Asian countries can offer great value as locations for clinical study sites. This is the third of a five-part series on getting the best out of your Southeast Asia clinical trial strategy. In parts IIa and IIb, we focused on South Korea, Taiwan, Singapore and Hong-Kong – the so-called “Tier 2” Asian countries. This article – Part IIIa – will address the two Asian giants in the Tier-3 Asian countries: India and China. Finally, in Part IIIb, the last piece in this series, we’ll round off withthe up and comers in Tier-3: Malaysia and Thailand.

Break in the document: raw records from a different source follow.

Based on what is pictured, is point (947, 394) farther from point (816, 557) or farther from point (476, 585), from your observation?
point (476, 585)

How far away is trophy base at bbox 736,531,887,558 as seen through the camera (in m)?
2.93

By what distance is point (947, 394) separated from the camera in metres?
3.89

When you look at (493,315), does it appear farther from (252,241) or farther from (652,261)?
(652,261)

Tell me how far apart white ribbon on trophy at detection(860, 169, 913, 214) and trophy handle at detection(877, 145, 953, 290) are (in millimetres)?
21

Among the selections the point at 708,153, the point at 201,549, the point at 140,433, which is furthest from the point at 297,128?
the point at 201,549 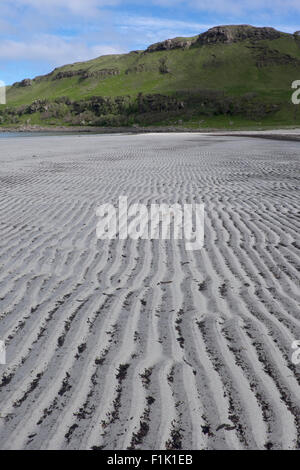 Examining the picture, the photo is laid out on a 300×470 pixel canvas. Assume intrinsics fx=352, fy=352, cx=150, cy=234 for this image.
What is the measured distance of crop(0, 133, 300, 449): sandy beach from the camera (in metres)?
2.39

India and China – these were the top two most attractive countries out of 15 for offshoring clinical trials outside the United States, according to a 2006 analysis by A. T. Kearney. The key drivers of attractiveness were “large patient pools” and “cost efficiencies.” While all 15 countries were significantly behind the US in “relevant experience,” China and India both finished close to bottom under “infrastructure and environment” and “regulatory conditions.”

How times have changed! Today, if you were to ask the question posed in the title of this series, “Tale of the Tiger or Tiger by the Tail,” we should have no hesitation in assigning the first description to China and the latter to India. The chart below is telling. To put it another way: China is where the opportunity awaits, whereas, India has rapidly turned out be a “head” case!

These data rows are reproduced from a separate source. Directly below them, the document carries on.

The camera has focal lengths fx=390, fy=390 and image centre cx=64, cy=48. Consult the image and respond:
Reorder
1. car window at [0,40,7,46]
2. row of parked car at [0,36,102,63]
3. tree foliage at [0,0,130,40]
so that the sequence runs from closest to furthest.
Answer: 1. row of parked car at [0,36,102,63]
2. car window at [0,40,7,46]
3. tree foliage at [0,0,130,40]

Source: Author’s analysis of data from



The passage of the Patents (Amendment) Act, 2005, was a watershed event in the history of new drug development in India. The 2005 law essentially extended protection for product patents for drugs, food, chemicals and micro-organisms. This was the final step that brought India into compliance with World Trade Organization requirements under the so-called TRIPS (Trade-Related Aspects of Intellectual Property Rights) agreement. Prior to the 2005 law, India recognized only process patents and NOT product patents. While this protected and enabled the growth and global dominance of the Indian generics drugs industry, it did precious little to foster innovation in new chemical entities. Product patent protection is the life-blood of the global pharma industry and a mandatory requirement for any biotech start-up hoping to raise capital for new drug discovery. The change in the patent regime in India in 2005 opened the floodgates to innovation in new drug R&D (or so went the conventional wisdom). In reality, the biggest positive impact was in clinical research, with India becoming a key destination for international multicenter clinical trials.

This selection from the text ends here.